22 novembre 2012 à 14h58 par La rédaction

LA HAYE (AFP) - (AFP)

La Cour pénale internationale a annoncé jeudi avoir levé les scellés sur un mandat d'arrêt émis en février contre Simone Gbagbo, l'épouse de l'ancien président ivoirien Laurent Gbagbo, pour des crimes contre l'humanité commis lors des violences post-électorales de 2010-2011.

"La chambre préliminaire I de la CPI a levé les scellés sur un mandat d'arrêt émis à l'encontre de Simone Gbagbo pour quatre chefs de crimes contre l'humanité", a indiqué la CPI dans un communiqué, précisant que le mandat d'arrêt avait été demandé par le procureur le 7 février et délivré sous scellés par les 29 février.

Le parti de Simone Gbagbo, le Front populaire ivoirien (FPI), a dénoncé le mandat d'arrêt "injuste" émis contre l'ex-Première dame de Côte d'Ivoire

"C'est un mandat aussi injuste que celui qui permet à la CPI d'emprisonner Laurent Gbagbo", a déclaré à l'AFP Richard Kodjo, secrétaire général du FPI.

L'ex-président Laurent Gbagbo est détenu à La Haye depuis novembre 2011 par la CPI, qui le soupçonne de crimes contre l'humanité commis pendant la crise postélectorale de décembre 2010-avril 2011, qui a fait environ 3.000 morts.

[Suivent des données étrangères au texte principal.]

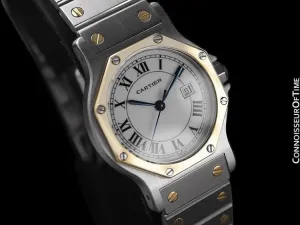 Cartier Santos Octagon Mens Midsize Watch, Automatic - Stainless Steel & 18K Gold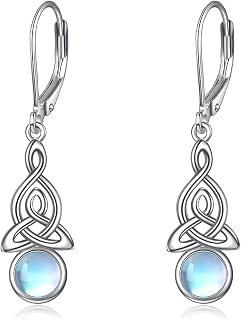 Moonstone Earrings for Women 925 Sterling Silver Irish Celtic Knot Hoop Earrings Leverback Jewelry Gifts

Mme Gbagbo, 63 ans, qui était membre de l'équipe dirigeante du FPI, est soupçonnée de meurtres, de viols et d'autres formes de violences sexuelles, d'autres actes inhumains et d'actes de persécution commis durant la dernière crise.

Détenue depuis environ un an et demi à Odienné (nord-ouest de la Côte d'Ivoire), l'ex-Première dame est actuellement poursuivie en Côte d'Ivoire pour génocide et crimes de sang, atteinte à la sûreté de l'Etat et infractions économiques dans le cadre des enquêtes sur la crise de 2010-2011.